Moralists generally are of this opinion: "Secluso semper casu specialis prohibitionis, malitia harum chorearum non consistit nisi in periculo, quod est essentialiter relativum" (Sabetti). "Choreae istae, licet in genere, non tamen semper [541] et in omni casu seu inter cujuslibet generis personas sunt inhonestae, idque eadem presertim de causa quod non omnes in saltando adhibent amplexus adeo pressos, illamque pectoris et faciei propinquitatem adeo indecoram quae communiter adhiberi solent; possunt enim choreae illae fieri, etsi amplexibus aliqua distantia servetur" (Konings). The German theologian P. Lehmkuhl, living in the home of the waltz, and where dances are almost exclusively round, passes over the whole subject very briefly, and does not undertake to condemn or deprecate round dances as a class.

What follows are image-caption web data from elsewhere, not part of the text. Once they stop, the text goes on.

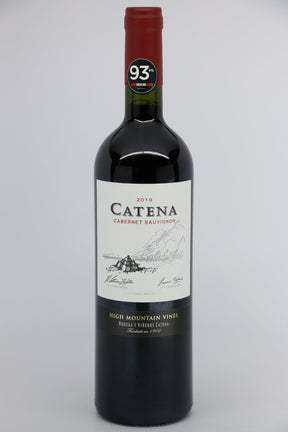 Catena Mendoza Cabernet Sauvignon 2021 red wine bottle 750mL from Argentina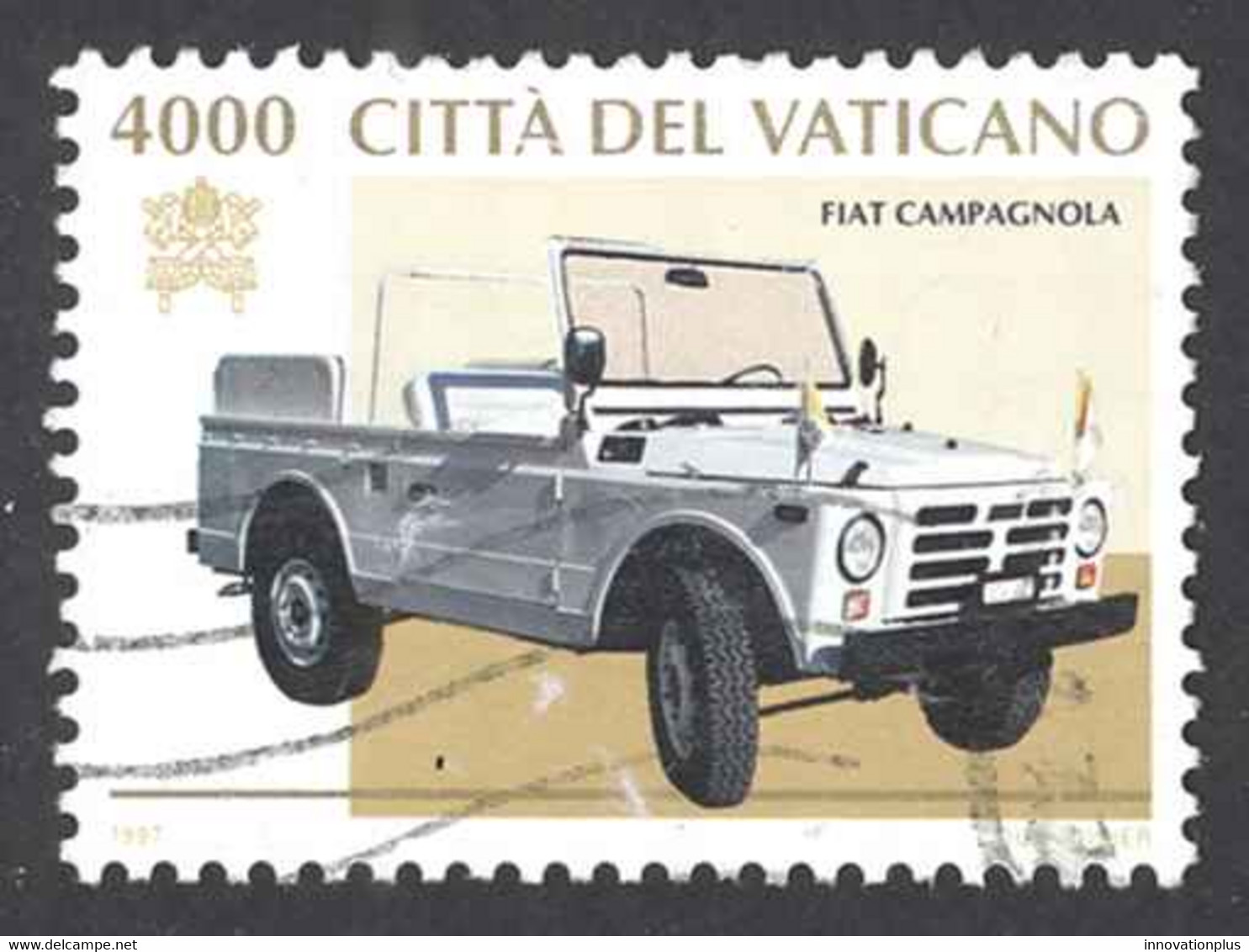 Vatican Sc# 1037 Used (a) 1997 Carriages & Automobiles - Usados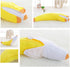 Banana Plush Pillow, Soft Food Plushie Hugging Pillow, Gift for Birthday, Valentine, Christmas (19.6 inches)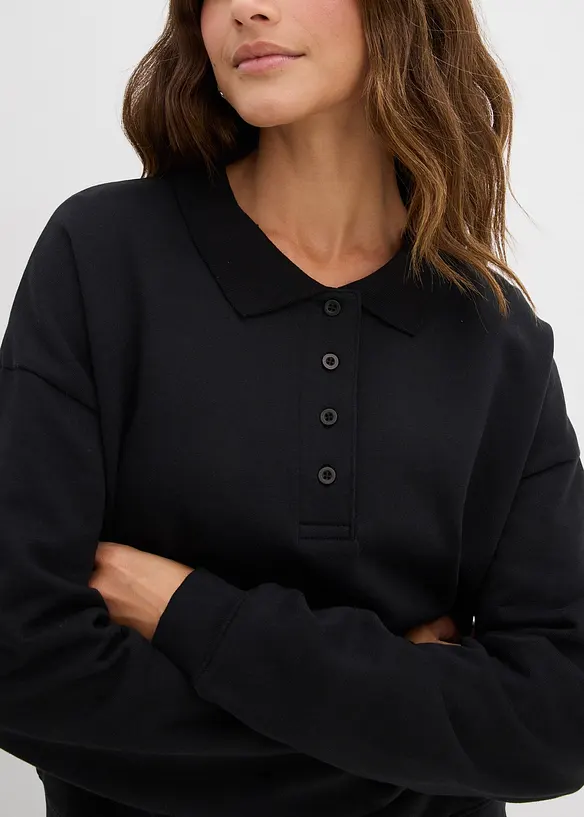 Mikina z čisté organické bavlny, bonprix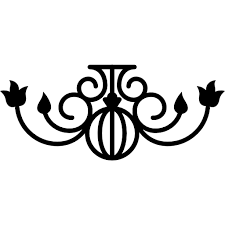 Download Royal Bud Flower Variant With Leaves And Vines Design Free Art Icons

Even if we concede that the generality of dancers transgress propriety in their manner of waltzing, no sweeping condemnation sub gravi can be leveled against it on this ground. The question then turns upon the degree of culpability of these tactus minus honesti, which as every moralist teaches, are not always a grave peccatum. Let confessors consult their own experience in this regard. How often do cases of grave sins contra sextum come under their notice as involved in or arising from round dancing? The writer has met with but few. Many lesser, indeliberate sins of voluptuousness may indeed be due to the dancing floor, but the commonness of this form of amusement, the whirl and excitement of the ball room, and often the preoccupation of keeping correct step, in the large majority of cases prevent any serious infraction of the precept of chastity.
The main evils that ensue are not from the dancing itself, but probably from its concomitants—late hours, and a lax custom of escorting which happily is becoming less usual. These are dangers and evils which are not associated with round dances alone, but with all dances and occasions where young people meet at late hours without due safeguards and supervision.
Round dancing therefore is not essentially immoral. As commonly practiced it may generally offend purity, but since grave sins do not ordinarily accompany it even in its popular and reprehensible form, it cannot on the score of chastity and in general be illicit sub gravi peccato. So much for its purely moral aspect.
[542] Can it be held that round dancing is culpable in America on account of the existence of an ecclesiastical prohibition?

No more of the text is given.